- [TASK DIRECTIONS]:
Would you transcribe the records below from the line with "Supreme Shibori Denim" to the line with "Gresskar halloween drink", ends included, exactly and with nothing more, leaving the pictures out?

- [SOURCE MATERIAL]:
________________

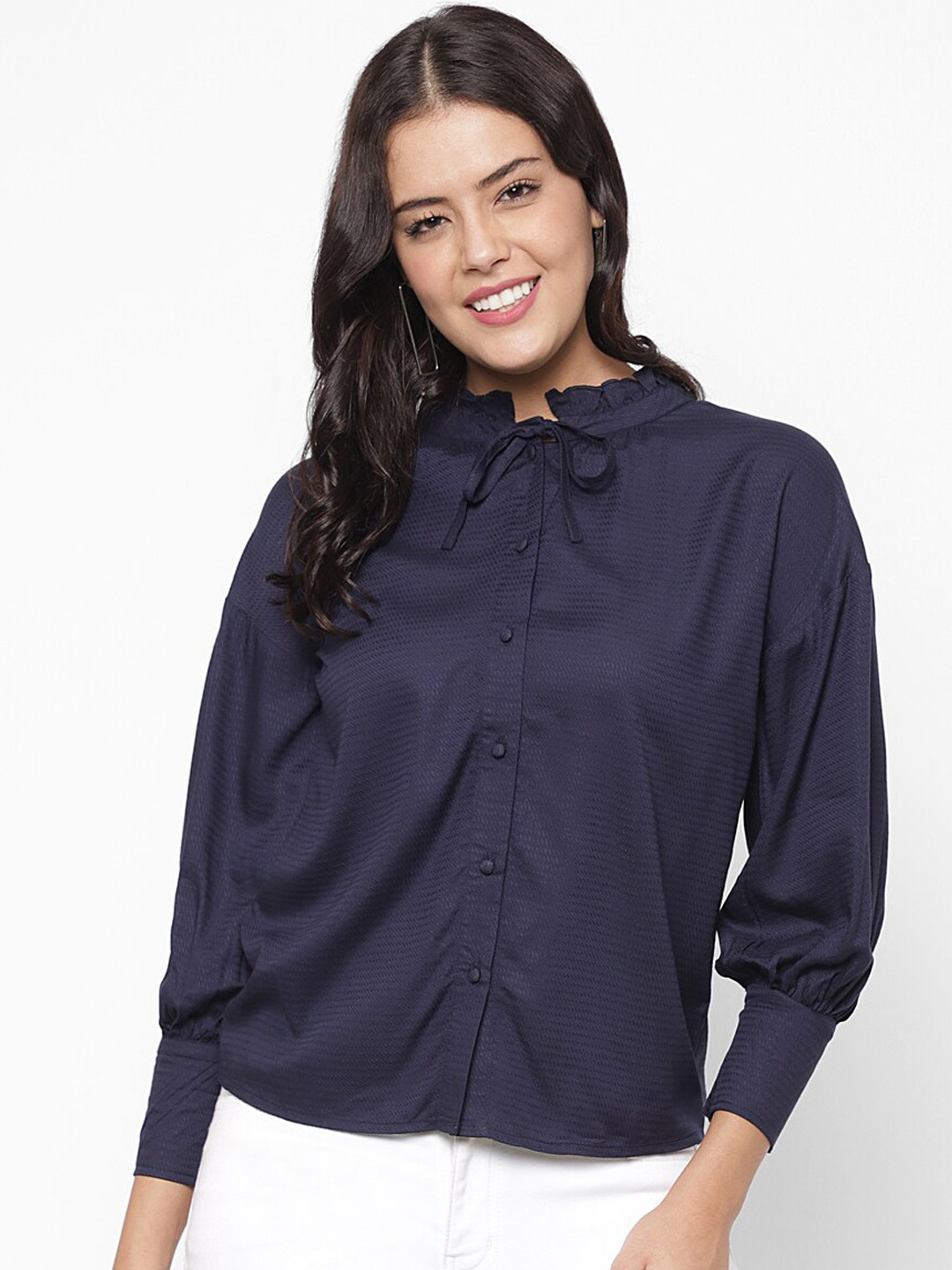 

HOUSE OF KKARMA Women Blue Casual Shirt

________________

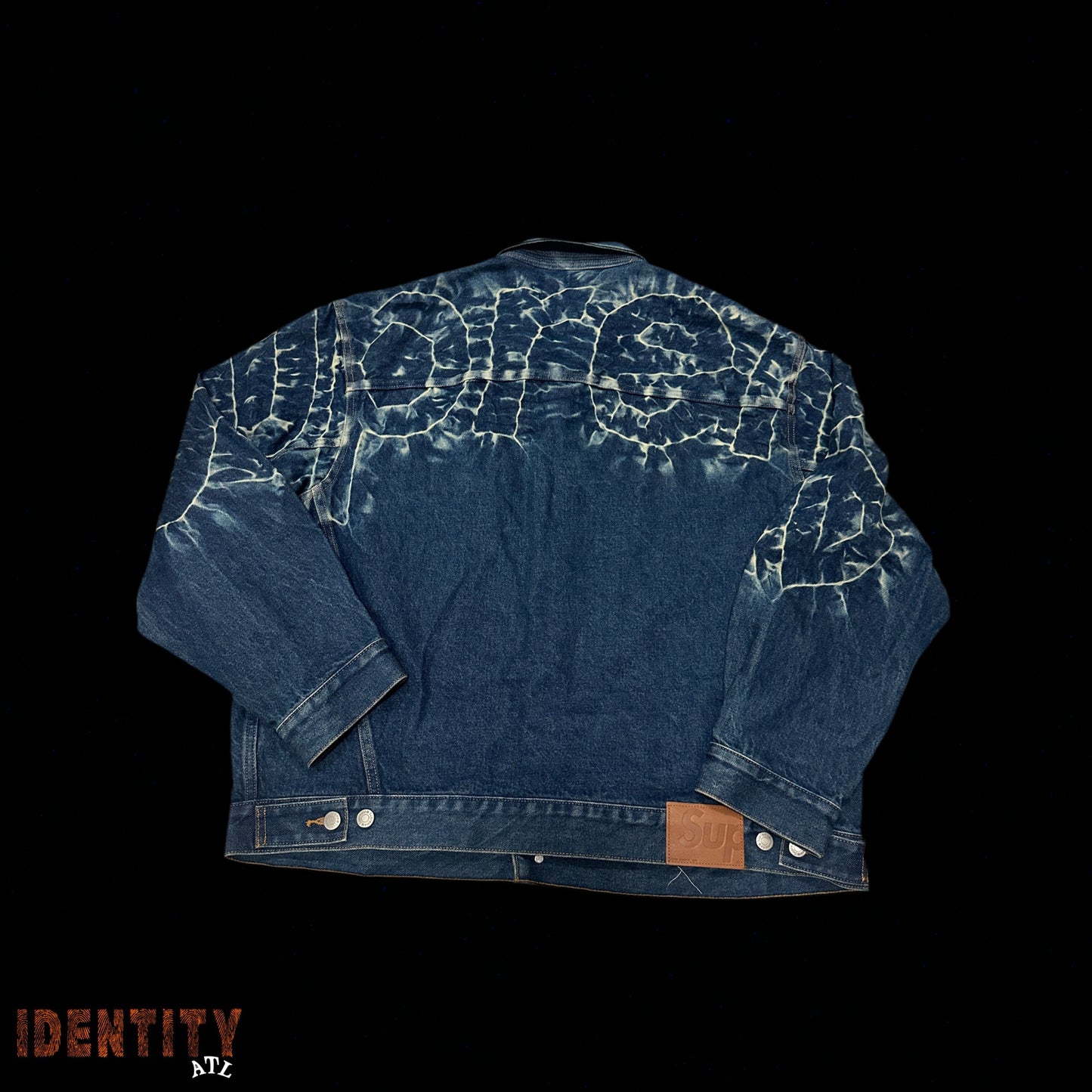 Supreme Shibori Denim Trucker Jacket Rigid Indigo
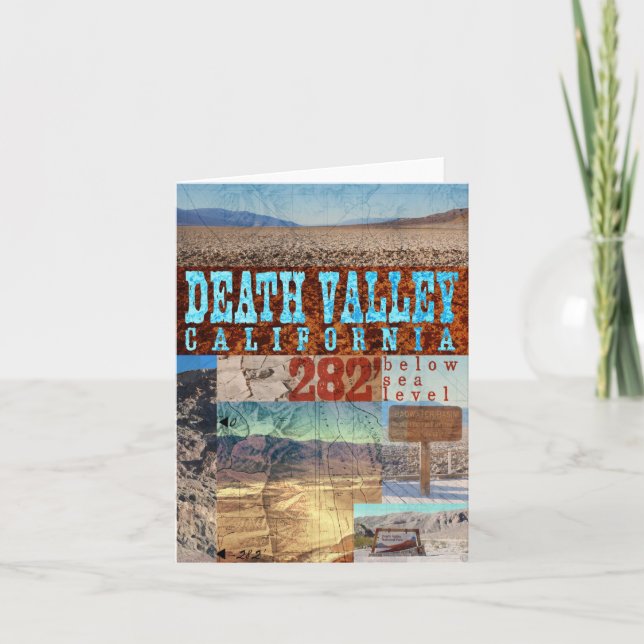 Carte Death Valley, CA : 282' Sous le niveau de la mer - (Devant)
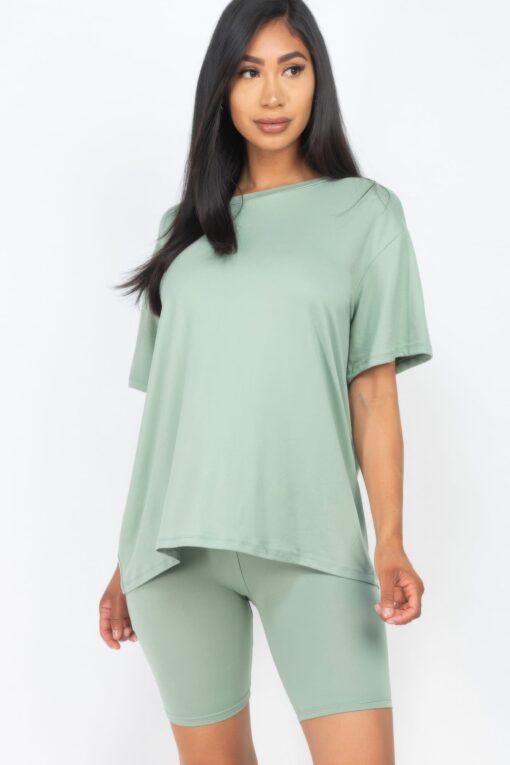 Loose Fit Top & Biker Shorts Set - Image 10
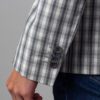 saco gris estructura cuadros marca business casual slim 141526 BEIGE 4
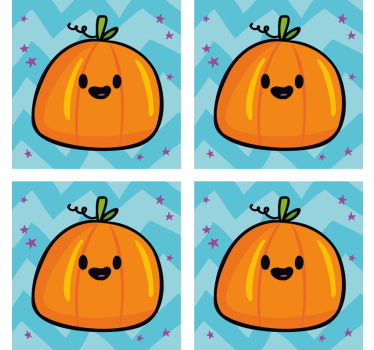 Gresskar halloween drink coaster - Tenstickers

________________

- [TASK SOLUTION]:
 Supreme Shibori Denim Trucker Jacket Rigid Indigo
 Carte Death Valley, CA : 282' Sous le niveau de la mer - (Devant)
 Loose Fit Top & Biker Shorts Set - Image 10
 saco gris estructura cuadros marca business casual slim 141526 BEIGE 4
 Gresskar halloween drink coaster - Tenstickers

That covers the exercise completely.